Ready Player One is set in 2045, after we’ve used up most of our fossil fuel, and the world is a pretty miserable place. The protagonist, Wade, lives in the stacks, a literal pile of trailers. He spends most of his time playing a game that’s a mix between Second Life and Warcraft, called OASIS, as does everyone else in the world. The creator of OASIS, a very wealthy man, has just died. He didn’t have any heirs, so he created a contest within the game for his company and his money. It’s an easter egg hidden behind three gates that have to be opened with three keys within the game. Obviously, everyone wants to win, and there are thousands of players after that key. They call themselves gunters. There’s also a huge corporation, IOI, after the prize, but they want to take over OASIS for monetary gain. And they’re evil. Anyway, five years pass after the game begins, and lots of gunters have begun to lose interest, thinking that the easter egg is too well hidden for anyone to find. Then Wade finds the first key, and the race begins to find the egg. There’s also a stupid love story subplot.

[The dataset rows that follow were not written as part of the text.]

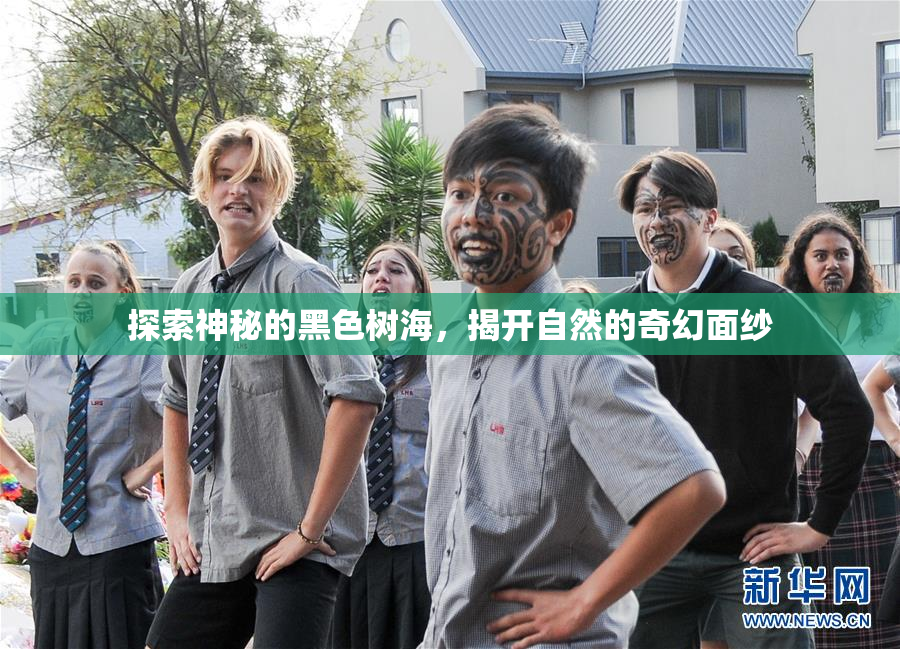 探索神秘的黑色树海，揭开自然的奇幻面纱
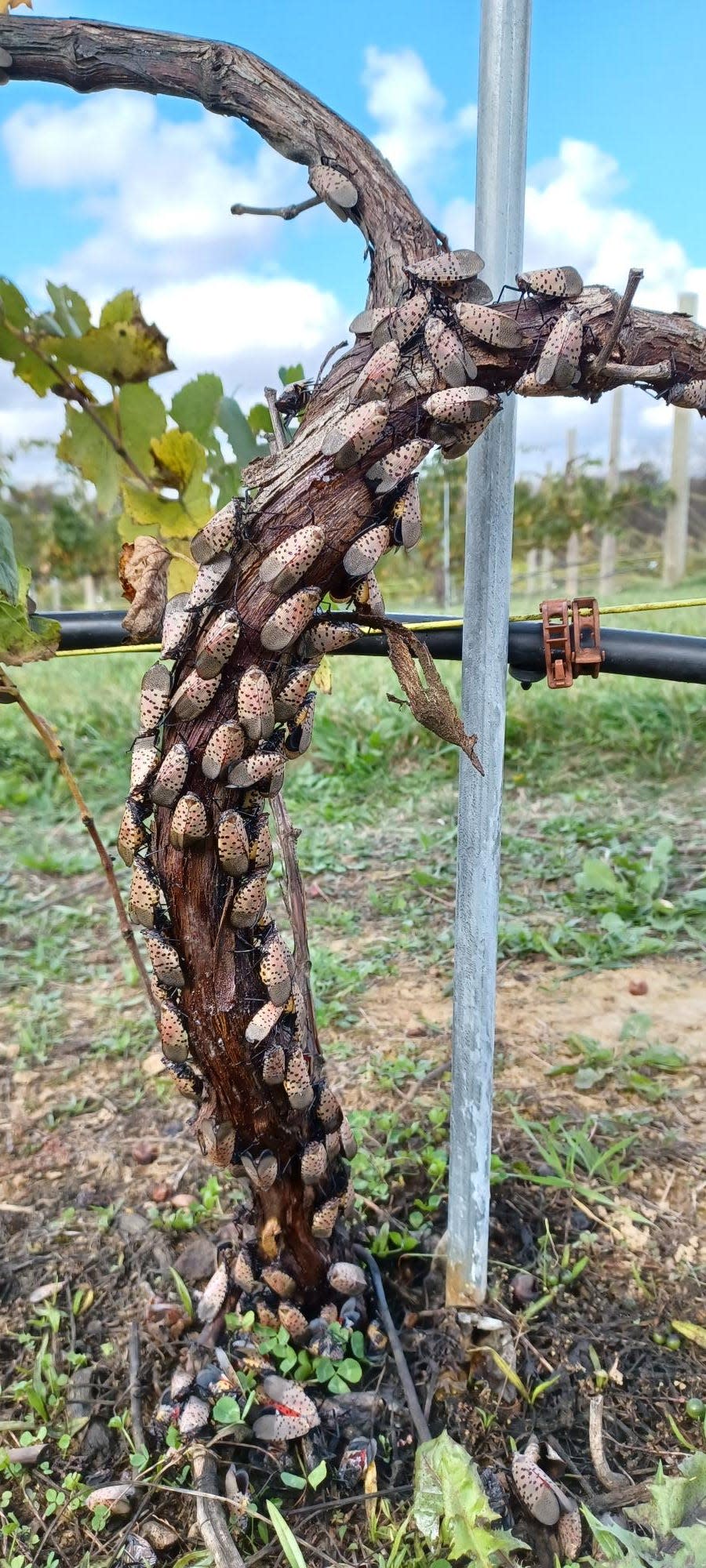 Spotted lanternflies on a grapevine.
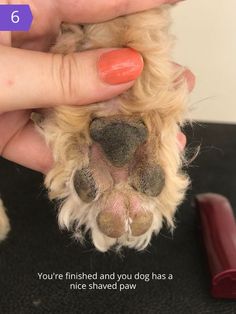 someone is holding their dog's paw up to the camera, with an orange nail polish on it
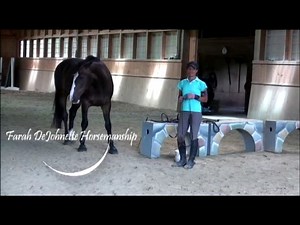 FDHorsemanship: Bridling exercise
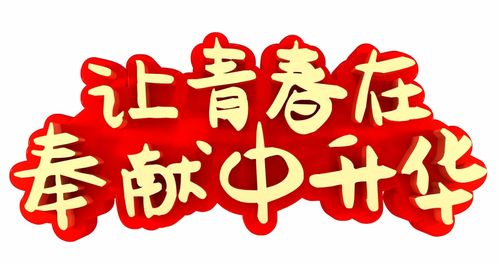 2019年度优秀共青团员先进事迹 二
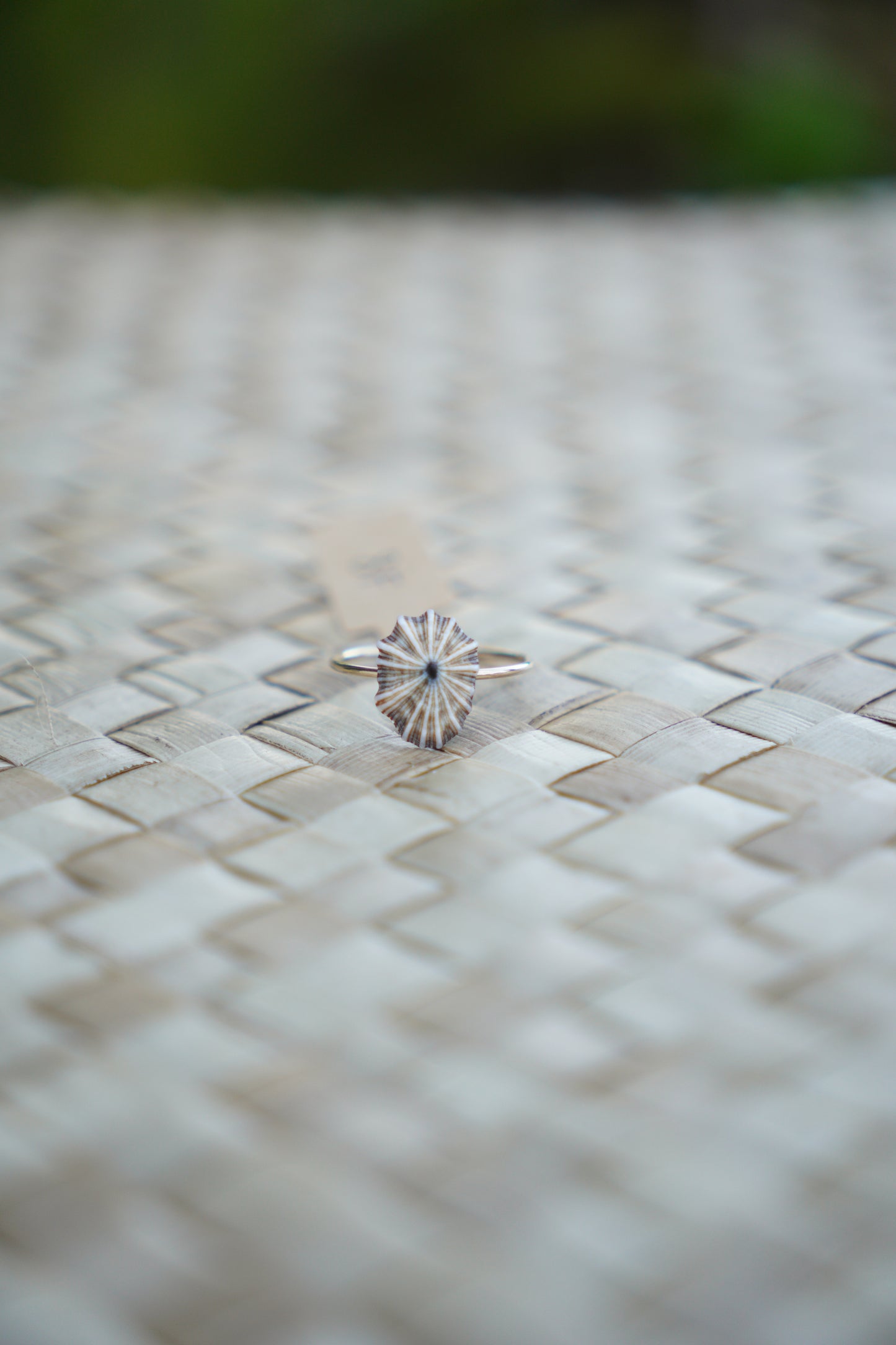 'Opihi 'awa Ring (SIZE 8)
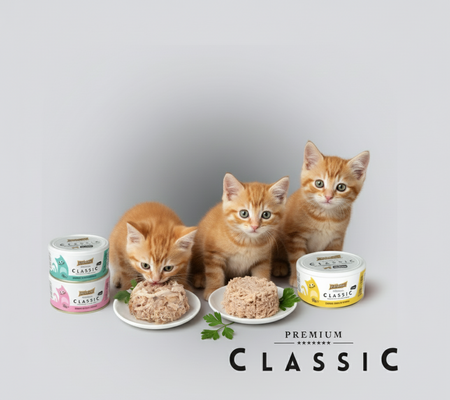 Princess Classic 70g Kurczak Tuńczyk Szprot 7+1 mokra karma dla kota w galaretce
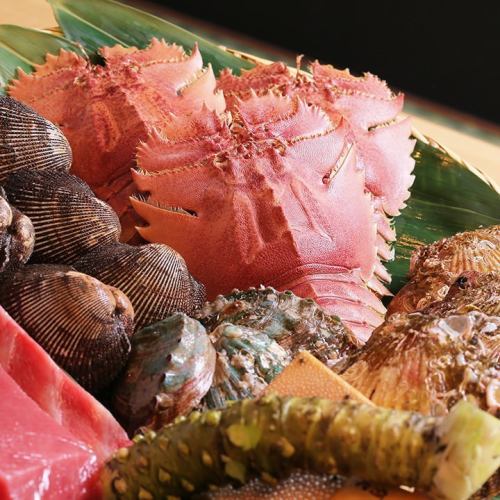 鮮度を極めた魚
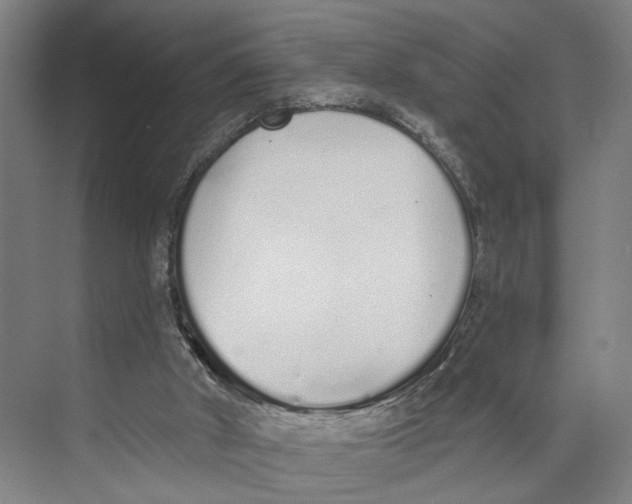 X0000071940010200608041539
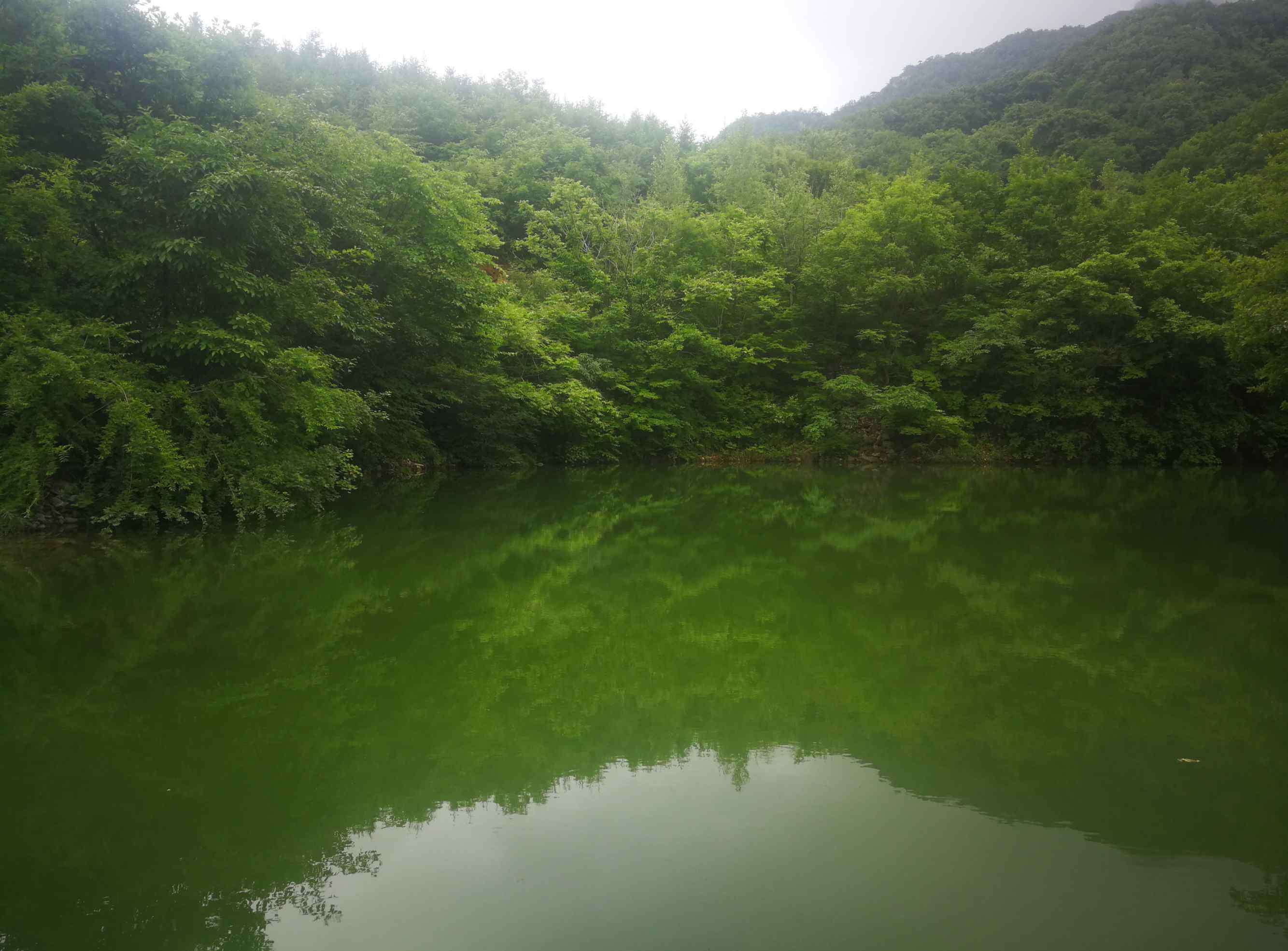 展枝唐松草 2019.6.13.暴馬川植物印象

The general plot is good: it’s the details that annoy me. Halliday, the creator of Oasis, was obsessed with the 1980s, and to understand the clues to where the keys are hidden, one would have to know everything about Halliday. And it’s all 80s references. If it’s pop culture, and it happened in the 80s, Cline worked it in somewhere. It just doesn’t end. At one point early in the novel, Wade has to supply the dialogue for all of the movie WarGames, and we hear too much of it. Later, he has to survive an entire videogame. We hear too much about that, too. By the time I was halfway through the novel, I was downright angry.
It also didn’t help that Ready Player One invaded my dreams. I hate it when novels do that, even if they’re really good. I spent one night in a sort of twilight state calculating how to get those keys, and the next night, last night, I could hardly sleep at all. What I learned from this experience: no scifi novels at bedtime. Not that I read many scifi novels, anyway.
Other than the 80s overload, Ready Player One is a decent novel – if you like pop fiction (I don’t) and if you really like the 1980s. I still think it belongs in the YA section.